Apesar de custar o dobro do preço pago no chafariz público, o tanque pode se tornar um bom negócio. Muitas pessoas vendem parte de sua água a 50 kwanzas por galão – o equivalente a 0,50 dólares por 20 litros. Uma margem de revenda de 150%. Esta mulher de Luanda compra água de sua vizinha e armazena em tonéis em casa.
Foto: DW/C. Vieira
Situação difícil também nas províncias
A falta de abastecimento de água leva a população a enfrentar muitas dificuldades para o transporte. Mulheres transportam a água até suas casas. Na foto: a cidade do Lobito, na província de Benguela. Além de ter que suportar o peso da bacia cheia, é preciso muito equilíbrio para não deixar a água pelo caminho.
Foto: DW/C. Vieira
Armazenar para garantir o abastecimento
As residências onde há encanamento são um privilégio para poucos angolanos. Ainda assim, não há garantia de que haverá sempre água. O abastecimento falha com frequência. No Lobito, muitos moradores investem em tanques para a armazenagem.

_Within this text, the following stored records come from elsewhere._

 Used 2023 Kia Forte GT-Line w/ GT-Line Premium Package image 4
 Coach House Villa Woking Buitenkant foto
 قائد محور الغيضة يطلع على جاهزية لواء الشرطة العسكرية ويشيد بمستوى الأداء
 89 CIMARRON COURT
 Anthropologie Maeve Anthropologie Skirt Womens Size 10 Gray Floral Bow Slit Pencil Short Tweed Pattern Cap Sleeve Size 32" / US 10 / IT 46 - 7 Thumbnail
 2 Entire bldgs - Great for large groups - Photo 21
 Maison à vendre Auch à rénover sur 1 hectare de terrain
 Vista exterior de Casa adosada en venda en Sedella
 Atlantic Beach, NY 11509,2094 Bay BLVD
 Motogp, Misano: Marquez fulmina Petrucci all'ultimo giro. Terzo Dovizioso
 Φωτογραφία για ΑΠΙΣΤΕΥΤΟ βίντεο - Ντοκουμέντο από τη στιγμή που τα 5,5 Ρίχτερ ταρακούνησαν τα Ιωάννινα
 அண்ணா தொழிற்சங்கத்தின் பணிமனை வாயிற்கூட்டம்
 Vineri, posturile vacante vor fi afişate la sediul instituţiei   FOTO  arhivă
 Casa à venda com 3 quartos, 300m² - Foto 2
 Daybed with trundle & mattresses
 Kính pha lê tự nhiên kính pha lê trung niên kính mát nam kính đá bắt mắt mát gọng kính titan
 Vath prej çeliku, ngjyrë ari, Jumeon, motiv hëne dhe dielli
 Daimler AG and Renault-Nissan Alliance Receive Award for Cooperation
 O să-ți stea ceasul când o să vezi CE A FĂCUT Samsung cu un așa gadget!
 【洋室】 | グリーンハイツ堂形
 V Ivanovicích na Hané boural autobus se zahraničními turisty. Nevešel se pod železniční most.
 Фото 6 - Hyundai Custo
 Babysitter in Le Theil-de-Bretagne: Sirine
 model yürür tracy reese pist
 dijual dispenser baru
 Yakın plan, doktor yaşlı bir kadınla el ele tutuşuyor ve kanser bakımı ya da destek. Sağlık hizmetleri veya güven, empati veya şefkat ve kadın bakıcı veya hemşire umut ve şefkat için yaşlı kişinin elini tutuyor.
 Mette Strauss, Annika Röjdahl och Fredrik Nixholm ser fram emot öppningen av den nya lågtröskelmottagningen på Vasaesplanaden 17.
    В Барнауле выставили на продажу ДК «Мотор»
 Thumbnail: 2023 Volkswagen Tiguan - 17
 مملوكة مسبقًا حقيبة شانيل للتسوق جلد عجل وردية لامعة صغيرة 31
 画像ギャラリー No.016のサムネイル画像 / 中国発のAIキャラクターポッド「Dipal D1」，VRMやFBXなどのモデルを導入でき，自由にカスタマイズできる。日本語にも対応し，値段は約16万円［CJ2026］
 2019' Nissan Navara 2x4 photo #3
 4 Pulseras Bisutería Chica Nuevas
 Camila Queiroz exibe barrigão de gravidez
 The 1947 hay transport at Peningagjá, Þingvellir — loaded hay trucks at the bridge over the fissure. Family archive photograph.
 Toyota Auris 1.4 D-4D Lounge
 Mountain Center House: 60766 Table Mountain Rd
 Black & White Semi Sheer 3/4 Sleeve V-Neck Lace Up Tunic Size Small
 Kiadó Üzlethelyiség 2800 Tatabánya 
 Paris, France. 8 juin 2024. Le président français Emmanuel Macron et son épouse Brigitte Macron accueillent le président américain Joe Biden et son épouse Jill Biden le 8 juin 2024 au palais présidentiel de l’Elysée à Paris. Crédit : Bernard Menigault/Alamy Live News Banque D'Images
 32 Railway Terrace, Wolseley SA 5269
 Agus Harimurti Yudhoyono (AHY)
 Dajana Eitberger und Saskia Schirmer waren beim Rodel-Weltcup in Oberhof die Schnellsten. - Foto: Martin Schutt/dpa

Este comporta 3.000 litros de água e é a garantia para uma família de oito pessoas. O investimento foi de 560 dólares.
Foto: DW/C. Vieira
Criatividade para vencer a dificuldade
O transporte da água depende da criatividade e das possibilidades de cada um. Depois de adquirir a água, será preciso prepará-la para o consumo. Apesar da transparência, a água precisa ser tratada ou fervida para ser considerada potável - ou seja, livre de impurezas e que não oferece o risco de se contrair uma doença.
Foto: DW/C. Vieira
Água potável é saúde
A população de Luanda enfrenta muitas dificuldades para o transporte da água. Além disso, muitas crianças morrem de diarreia ou de outras doenças relacionadas com a água e o saneamento em Angola. Em 2006, um surto de cólera afectou mais de 85.000 pessoas e ceifou cerca de 3.000 vidas em 16 das 18 províncias angolanas.
Foto: DW/C. Vieira
Cobertura sanitária pouco abrangente
Segundo a Organização Mundial de Saúde, cerca de 2,6 mil milhões de pessoas no mundo não têm acesso a condições sanitárias adequadas. Na África sub-saariana, a cobertura sanitária abrange apenas 31% da população. Em Angola, apenas cerca de 25% da população têm acesso ao saneamento básico, segundo a Universidade Católica de Angola. Em Luanda, é preciso conviver com esgotos a céu aberto.
Foto: DW/C. Vieira
Saneamento básico para combater doenças
A falta de saneamento básico é um pesadelo também para os moradores do município de Cazenga, em Luanda. Não há como escoar a água das ruas e enormes poças se formam. A água parada é o paraíso para a reprodução dos mosquitos transmissores da dengue e da malária – esta última ainda é a principal causa de mortes em Angola.
Foto: DW/C. Vieira
Higiene, uma questão de saúde
A falta de saneamento básico aumenta o risco da transmissão de doenças como a diarreia, a cólera e o tifo. Em toda a África, 115 pessoas morrem a cada hora de doenças ligadas à falta de saneamento, empobrecida higiene e água contaminada. Lavar as mãos após defecar, antes de cozinhar e antes das refeições ajuda a evitar doenças e pode reduzir em até 45% a incidência da diarreia.